The White House has long been negotiating with automakers and environmentalists over the enormous increase in fuel efficiency standards. But the automakers, who say the standards would stagger the auto industry, appear to be losing faith in the possibility of a compromise.

President Obama was hoping to get automakers to sign off on a nearly 100 percent increase in mileage standards by 2025, aiming for another Rose Garden announcement like the one in May 2009 when he announced they would raise it to 29.5 miles-per-gallon for model year 2012, on their way to 34 miles-per-gallon for 2016.

But now the White House has a much bigger goal in mind.

"They're floating ideas to increase this fuel efficiency standard to 56 miles per gallon fleet-wide by the year 2025, which would be a significant ramp-up, even from the fuel efficiency standards that we have set in place to 2016," said Nick Loris of the Heritage Foundation, a conservative Washington think tank.

But supporters of the increase, like Jack Gillis of the Consumer Federation of America, insist it's doable.

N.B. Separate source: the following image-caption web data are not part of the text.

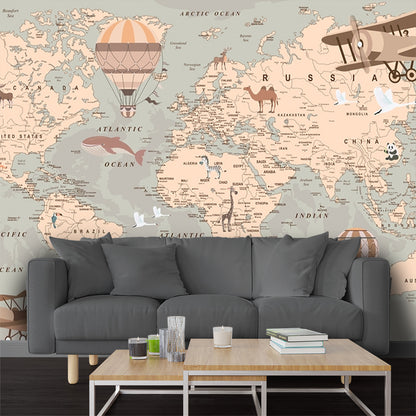 world map beige wallpaper self adhesive peel and stick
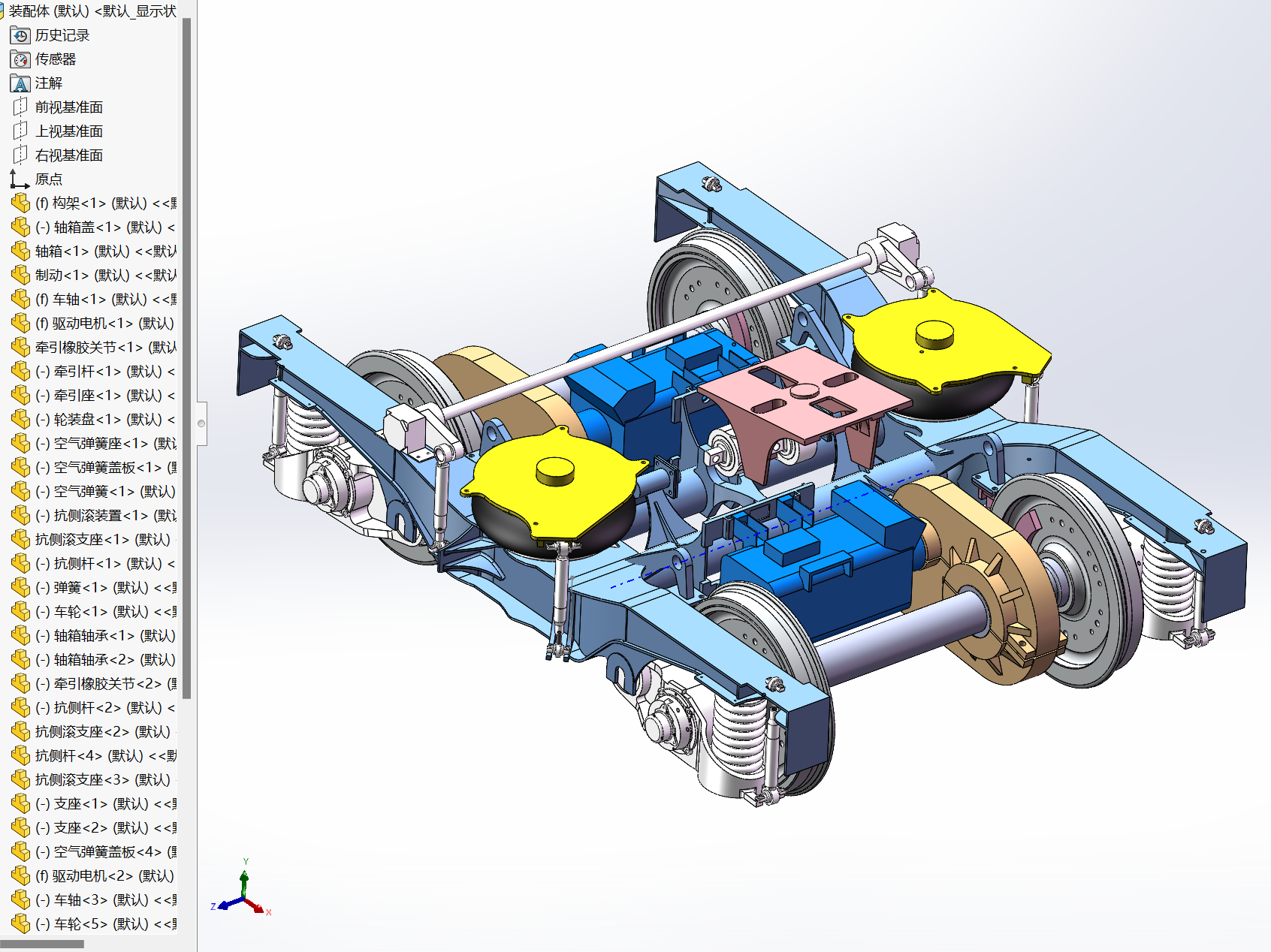 动力转向架 SolidWorks三维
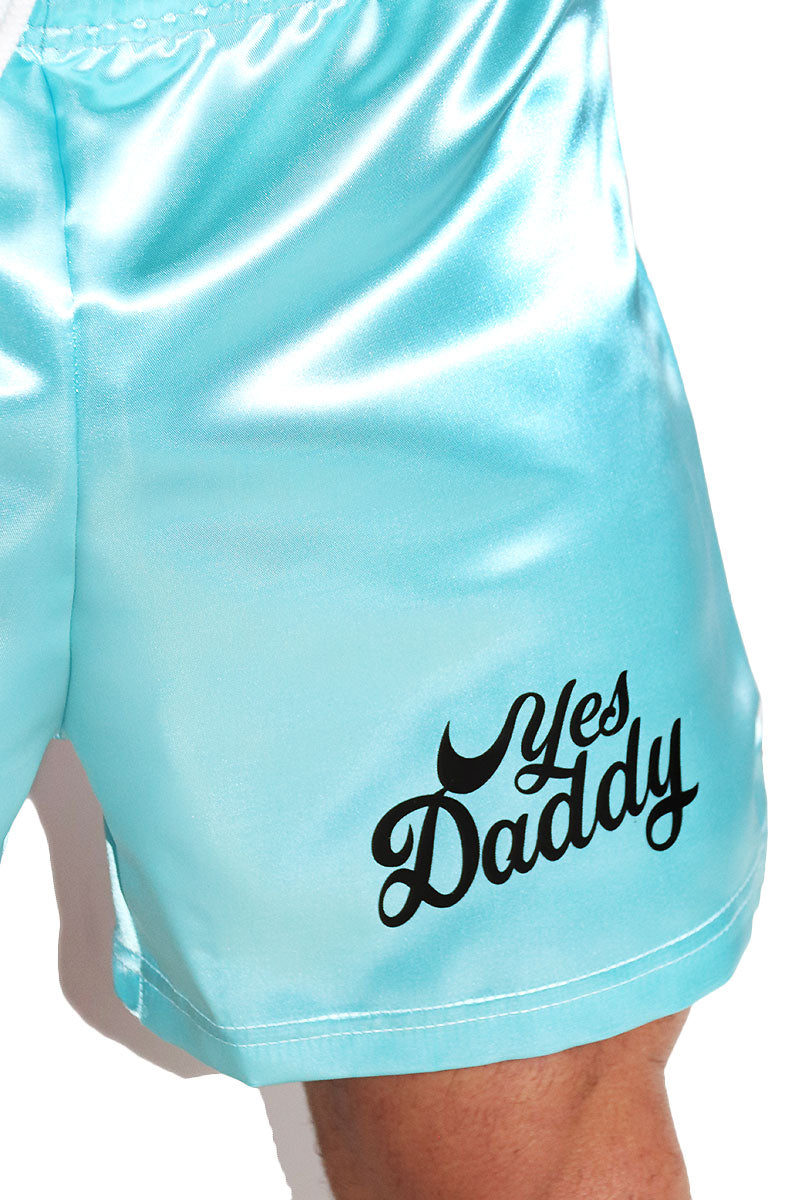Yes Daddy Satin Athletic Shorts-Blue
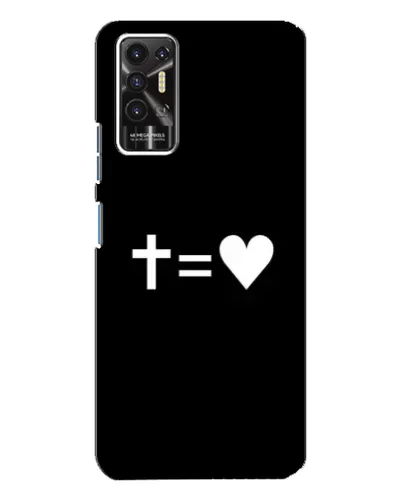 Чехол для TECNO Pova 2 (LE7n) с картинкой «Крест и Сердце»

"Fifty six (miles-per-gallon) is a sweet spot that is both achievable, reasonable, highly beneficial in terms of as economic standpoint, and will meet the president's goals of dramatically reducing our dependence on foreign oil,” Gillis told Fox News.

But the automakers are balking, noting a federal agency called the Energy Information Administration predicted the increased standard would result in a 14 percent drop in sales.

"When manufacturers bring an advanced vehicle technology to market, consumers must be willing to buy it. There is a high level of uncertainty about consumer willingness to pay significantly higher prices for more fuel-efficient vehicles. In recent history, consumers have tended to value upgrades in performance, vehicle size, and other attributes at the expense of fuel economy," an agency report said. 

"By the government's own study, (the new standards) will cost so much more that it will result in a loss of about 220,000 jobs," said Ed Tonkin, former president of the Automobile Dealers Association.

The automakers had been hoping for a compromise with the White House, but appear to be losing hope and have now launched a seven-state radio ad campaign.

"A sales drop means job losses and not just with automakers but at hundreds of auto parts suppliers, dealerships and repair facilities across the country," one of the ads says.

"The glass industry, the steel industry, the rubber industry," Tonkin said. "And it goes on and on and on. The financing industry, the delivery companies, the railroads that deliver these vehicles."

In fact, the auto industry argues it alone accounts for one of every five jobs in America.

But supporters of the new standard argue consumers will be drawn to more expensive hybrids because they'd save money in fuel costs.

"If you look at the ‘56-by-2025’ standard, you can save about $6,000 per vehicle because of the dramatic reduction in the cost of fuel for that vehicle," Gillis said. "If you force the market to implement certain technologies, they will figure out a way how to do it. And they'll figure out a way how to do it efficiently and effectively."

But consumers have shown little interest so far. The 30 hybrids now on the market only account for only 2.4 percent of sales. And last year, Ford sold almost twice as many F-150 pickups as all its hybrids put together.

So if consumers want pickups, sport utility vehicles and vans to take the kids to soccer, the automakers would face fines because they have no control over what people buy.

"So even though the government wants them to buy it, it doesn’t matter,” Tonkin said. "Consumer choice is what's going to matter."

Fuel efficiency standards do make allowances for larger vehicles but not enough, automakers say, to make the proposed standards workable.

One auto industry official put it this way: the new standards “are like dealing with the nation's obesity problem by forcing clothing manufacturers to sell only small sizes."